I’ve emboldened the queries to make them stand out.
First, I want to thank Robin for both The Blue Sword and for Beauty. Each arrived at critical moment for my own writing, and helped me decide on direction. My question is about The Blue Sword. How far were you intentionally challenging aspects of the standard stories we all held dear to that point? Did any other writer influence you to create that challenge, the way your work influenced mine?
Lol. ‘ . . . intentionally challenging aspects of the standard stories . . . ‘ You aren’t by any chance deliberately waving a red flag at a bu—I mean, a snorting, ground-pawing, matriarchal cow, are you? YES. When I was growing up, long long long ago, all the good stories were about boys. Boys got to do stuff. Girls didn’t. Jo March marries that boring old professor (like Marianne marries the horrible colonel with his flannel waistcoat), the girls in E Nesbit are always worrying about getting home in time for tea & have you ever stopped to think about the fact that while Dorothy speaks like anyone else in the WIZARD she suddenly starts lisping in the later books? ‘B’lieve’ & ‘s’pose’ & ‘’em’ & ‘’spect’ & so on & on. Now what the screaming doodah is that about? Can’t have a little girl going on having adventures can we? Let’s make her look like a twit. & that scene in Caddie Woodlawn—Caddie having been presented to us as a total tomboy—when only she is scolded for playing tricks on the stuck-up Annabelle because she’s the girl & girls have to grow up to keep the world sweet & beautiful because men can’t. KILL. ME. NOW. When I was first writing books that were published (!) & therefore first being interviewed, my war cry was Girls Who Do Things! I have lots of company now. Hurrah. To whatever extent that I’m partly responsible, both as writer & as example, for more Girls Doing Things in books, I’m delighted.
I’m a LOTR writer, pure & simple. I’m fond of saying (or possibly ranting) that every fantasy writer of my generation is a descendent of JRR Tolkien whether they want to be or not. I worshipped LOTR, & it totally shaped the writer I grew up to be—both for good & maybe not so good. I was endlessly depressed & angry & frustrated by the role, or lack thereof, of women, but because this was the world I was born into I also kind of thought, drearily, maybe that’s just the way it is for women? (I said in my speech that I didn’t look too hard for women SF&F writers because I at least half believed the redolent nonsense that women can’t write.)
PS: don’t talk to me about the films, I am not sane on the subject. I thought FELLOWSHIP was an honourable failure, I hated TT, & that’s as far as I got.

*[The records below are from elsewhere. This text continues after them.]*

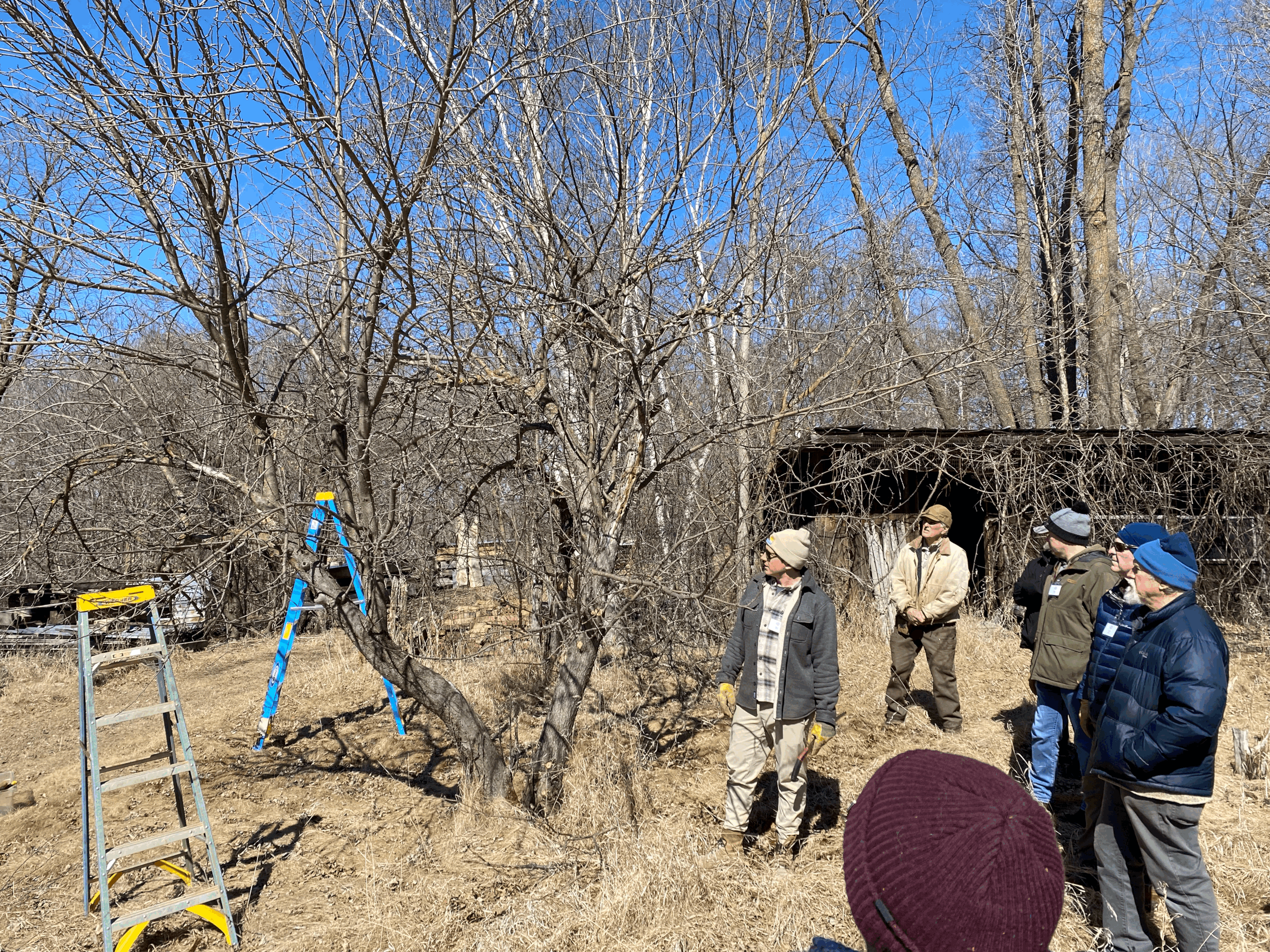 people gathered around an apple tree, learning to prune it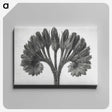 1-62_Karl-Blossfeldt_canvas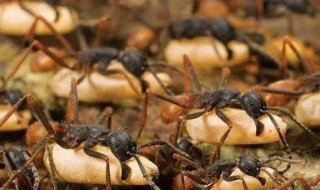 沙漠行军蚁电影叫什么 沙漠行军蚁真的存在吗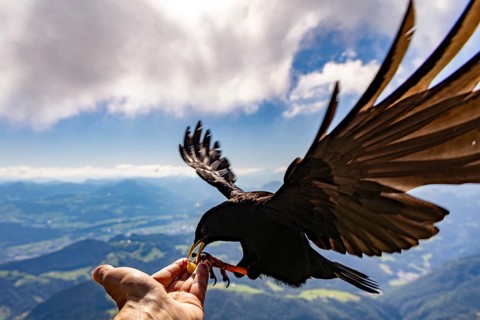 Alpine chough (Pyrrhocorax graculus) takes food from the hand of a mountaineer, Untersberg,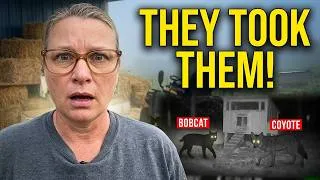 Thumbnail: Caught on Camera: The Predator That Took My Flock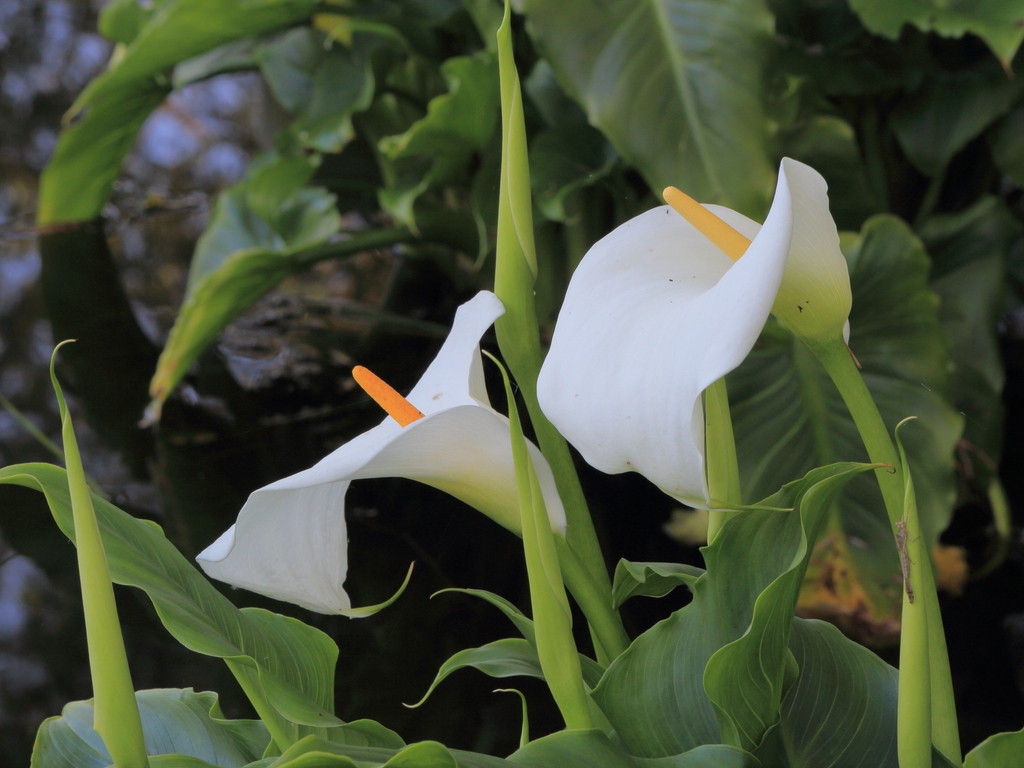 Flowers and Leaves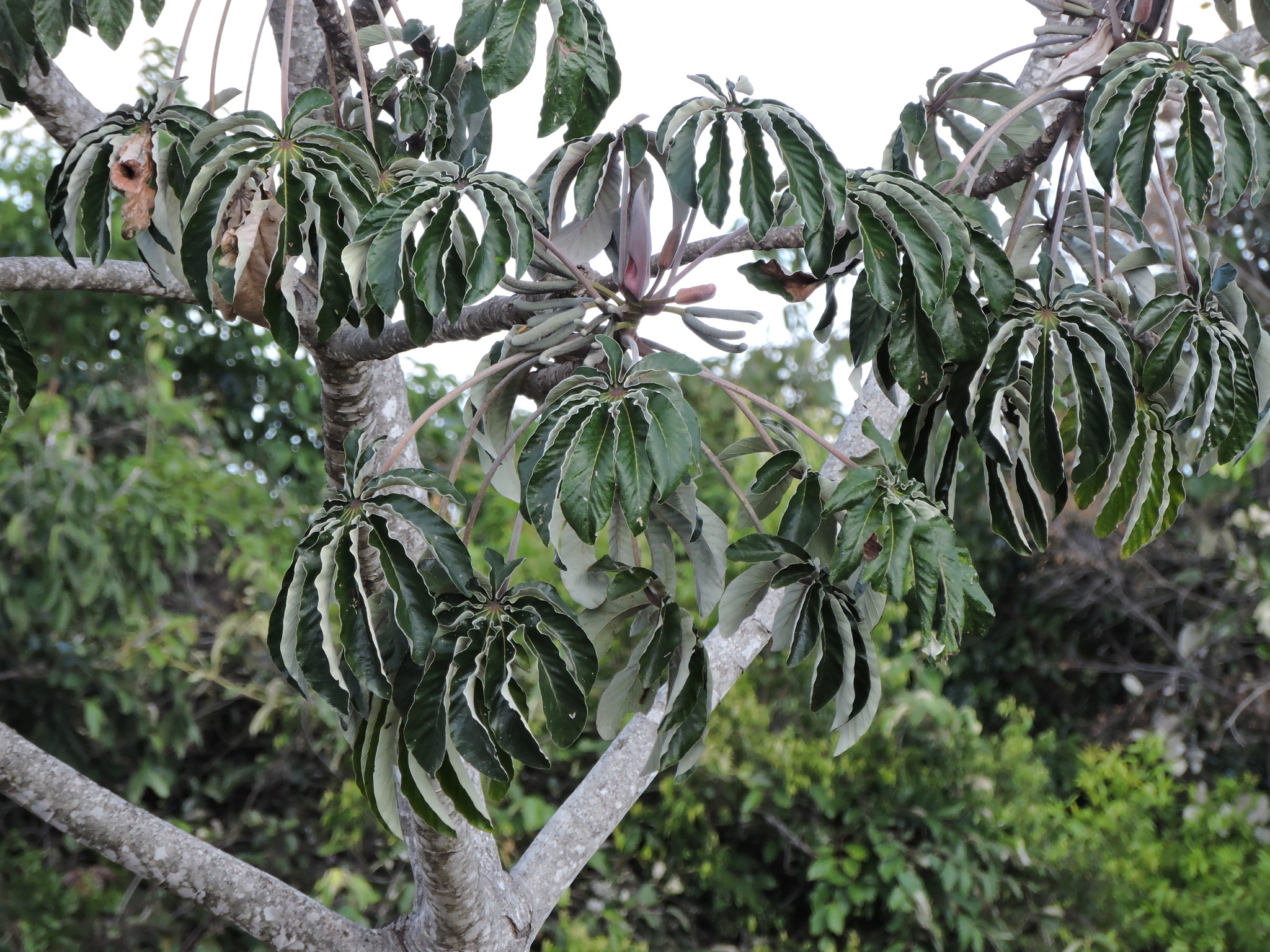 Cecropia pachystachya
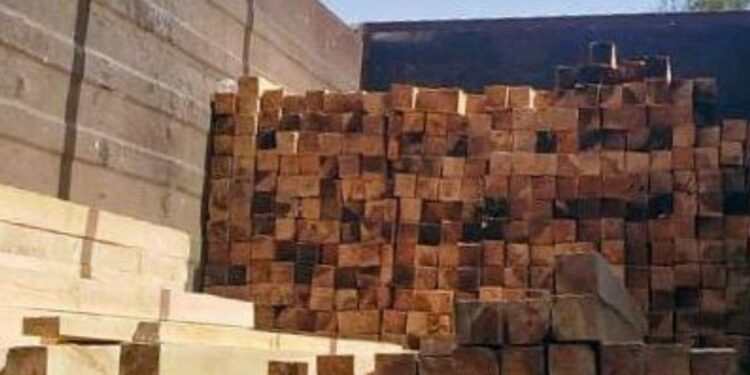 Detiene Policía Forestal a hombre que trasladaba ilegalmente 370 piezas de madera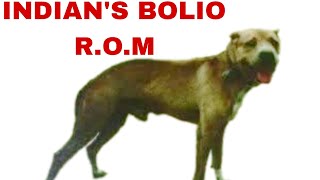 INDIAN'S BOLIO R.O.M - History Pitbulldog Fighting #apbt #history 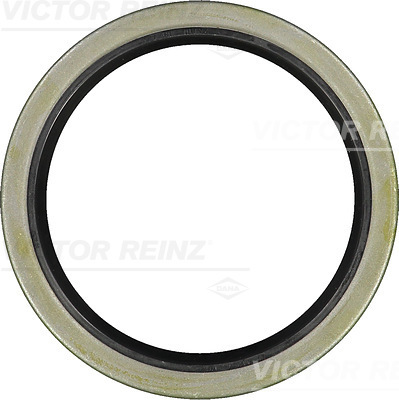 Nokkenas keerring Reinz 81-33850-00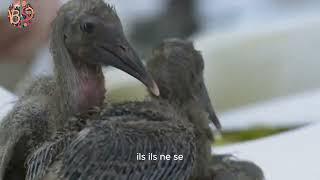 LIbis chauve  Un oiseau fascinant en quête de survie Geronticus Eremita [upl. by Vally]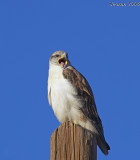 Ferruginous Hawk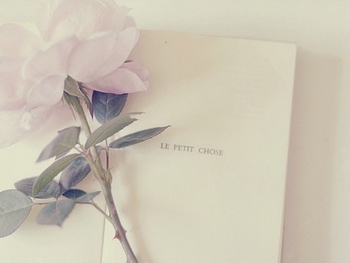 ִִƳ(ꤣ ִ,, Ͻ 184751d6vm4y9s9c3z6y8s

I’d like to ask Robin about “Chalice.” You’ve written a couple of versions of the “Beauty and the Beast” story, and I wondered to what degree you see “Chalice” as another retelling of the story? Particularly one that incorporates community and the environment. (I love “Chalice,” BTW, I reread it often.)
Thank you. 🙂
I’ve been thinking about this—retelling Beauty & the Beast—in the few days since I read your question. Have I ever written a story that includes a more or less standard love story, where one character falls in love with one other character, that doesn’t include them being from wildly different backgrounds, rather often that one or the other of them isn’t quite human, or that at least one of them has non-standard-human powers & skills? I said in the afterword to ROSE DAUGHTER, my second official Beauty & the Beast retelling, that someone once said that every writer has only one story to tell, & their life (& their royalties) depends on whether they can continue to find interesting ways to retell that one story. CHALICE isn’t an official Beauty & Beast retelling, to me, but it’s certainly another of my finding-each-other-across-what-should-be-insurmountable-differences stories. I’ve always felt like a misfit in human society—not that this is unusual; I would guess both most creative people of whatever colours & stripes & most of their audience, whatever their colours & stripes, would say the same, which must be just about everyone—& in my case this is the way it manifests itself in my stories. Hey, I’m a romantic. I believe in love across great divides. (I didn’t manage to marry a purple seven-limbed Betelgeuse-ian, but Peter was 25 years older than I & from another country, which counts for something.)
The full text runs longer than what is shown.